There was a significant negative correlation between dose with HexCer levels for all chain lengths (p< 0.001 for all) (Fig 6A). Pairwise differences between Genz-667161 doses were also evaluated. Mean differences between each dose and untreated (0 mg) by chain length for each lipid were compared and p-values for the pairwise comparisons are provided on the graphs for each GSL. The most notable pairwise effects were on HexCers levels. All doses ≥3 mg showed significant decreases for all chain lengths of HexCer compared to untreated (0 mg) mice (Fig 6A, p-values indicated on graph). Moreover, the 20 mg dose also resulted in significant decreases for C22 (p = 0.006), C24:1 (p = 0.018), and total (p = 0.016) HexCers relative to the 3 mg dose (Fig 6A). Genz-667161 blocks synthesis of Cers to GlcCers; therefore, the decrease in HexCers is due to decreased GlcCers and not GalCers. There were also significant effects observed on LacCer and GM3 levels. Dose was negatively correlated with C22 and total LacCers levels (p< 0.05) (Fig 6B) and with all GM3 chain lengths at p< 0.01 except C24:1, which was at p< 0.05 (Fig 6C). When pairwise comparisons among doses were evaluated, decreases for each LacCer chain length did not reach significance (Fig 6B) and only C16 GM3 at 10mg and 20mg doses compared to 0 mg reached significance (Fig 6C, p-values indicated on graph). There were no significant differences in Cers C16, C22, C24, C24:1, or total Cer with any dose (Fig 6D).
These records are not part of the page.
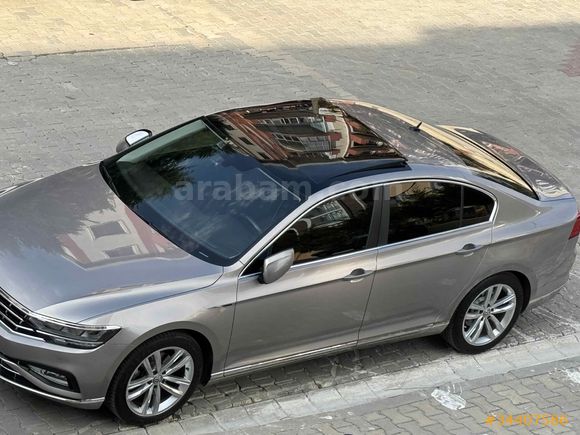 Sahibinden Volkswagen Passat 1.5 TSi Business Evlat gibi bakıldı  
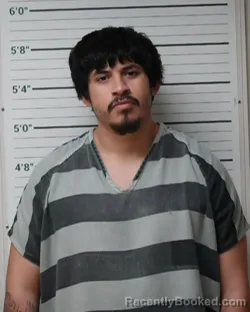 Mugshot of Domingo J Hernandez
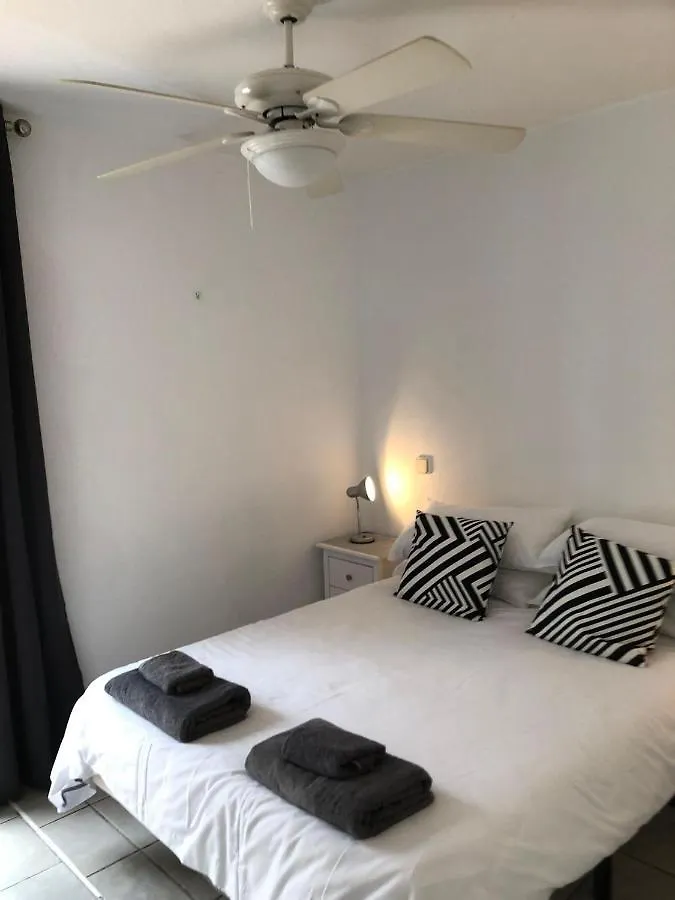 Apartment Ferienwohnung Sunset Bay 15 - Two Bed Costa Adeje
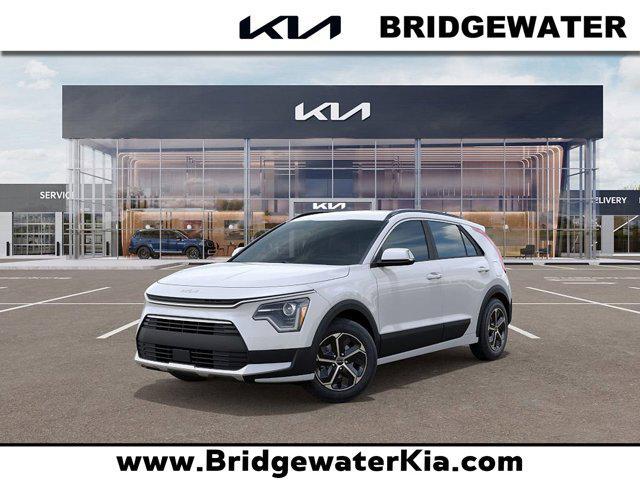 new 2025 Kia Niro car, priced at $32,105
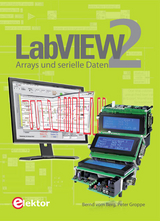 LabVIEW / LabVIEW 2 - Bernd vom Berg, Peter Groppe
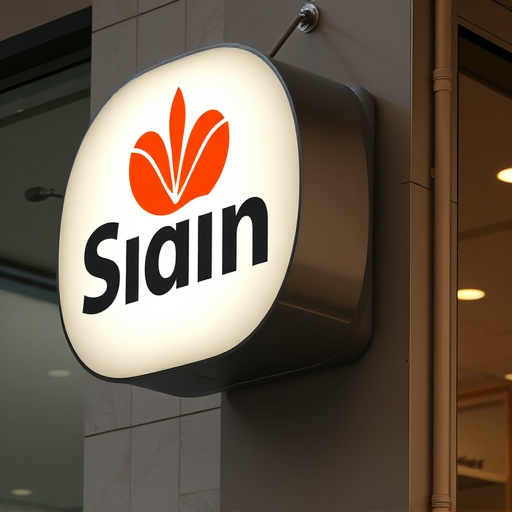 Signage design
Based on the significant decreases in renal GSL levels, the effects of Genz-667161 on renal disease and systemic disease were evaluated. The MRL/lpr strain shows significant variability in onset and extent of disease expression with respect to nephritis. Since the three mice in the untreated group all showed low levels of urine albumin, effects of drug treatment on urine albumin was inconclusive (S2 Fig). Renal pathology score (Fig 6E) was not significantly associated with dose of Genz-667161 (treating dose as either continuous- p = 0.112, or categorical- p = 0.219). However, spleen to body weight ratio was negatively correlated (Fig 6F, ρ = -0.535, p = 0.040) and serum IgG levels were marginally correlated (Fig 6G, ρ = -0.493, p = 0.062) with increasing dose. These results suggest inhibiting the GSL synthesis pathway may provide a therapeutic effect in female lupus mice.

Discussion

Glycosphingolipids are neutral lipids that play important roles in cellular signaling in many cell types. GSLs are enriched in the kidney and GSL metabolism is altered in several kidney diseases, including lupus nephritis [6, 7, 10, 13]. GSL metabolism also was shown to be altered in T cells from patients with lupus [28–31] and in lupus mice [24, 32]. Specifically, we demonstrated that in lupus mice, LacCers, GlcCers, and NEU activity levels were increased in the kidney of mice with worse proteinuria [13, 14] and decreased in T cells of lupus mice with improved disease [24]. Although these results suggest the increased LacCer and GlcCer levels in the kidney were likely a result of increased catabolism of gangliosides due to increased NEU activity, ganglioside levels were not previously analyzed. In this study, we demonstrated that, despite increased NEU activity, renal GM3 levels were actually higher in kidneys of nephritic MRL/lpr mice compared to non-nephritic MRL/MpJ mice. Moreover, we demonstrated SMs, S1P, So, DHS1P, and DHSo are also elevated in the kidneys of nephritic MRL/lpr mice compared to the kidneys of non-nephritic MRL/MpJ mice. Our previous results [13] and the results presented here suggest the upregulation of the GSL pathway in the LN kidney may be due in large part to a general increase in lipids that feed into the GSL pathway through Cer, which we observed were elevated for many more Cers chain lengths in this set of mice in contrast to our previous results [13]. Determining the mechanisms by which the renal GSLs accumulate will likely provide critical insight into the pathophysiology of LN. Since the message level of GM3 synthase was observed to be similar while NEU activity was increased [13], the higher GM3 levels in the MRL/lpr kidney could be due to increased GM3 synthase activity and/or increased catabolism of more complex sialic acid-containing gangliosides to GM3.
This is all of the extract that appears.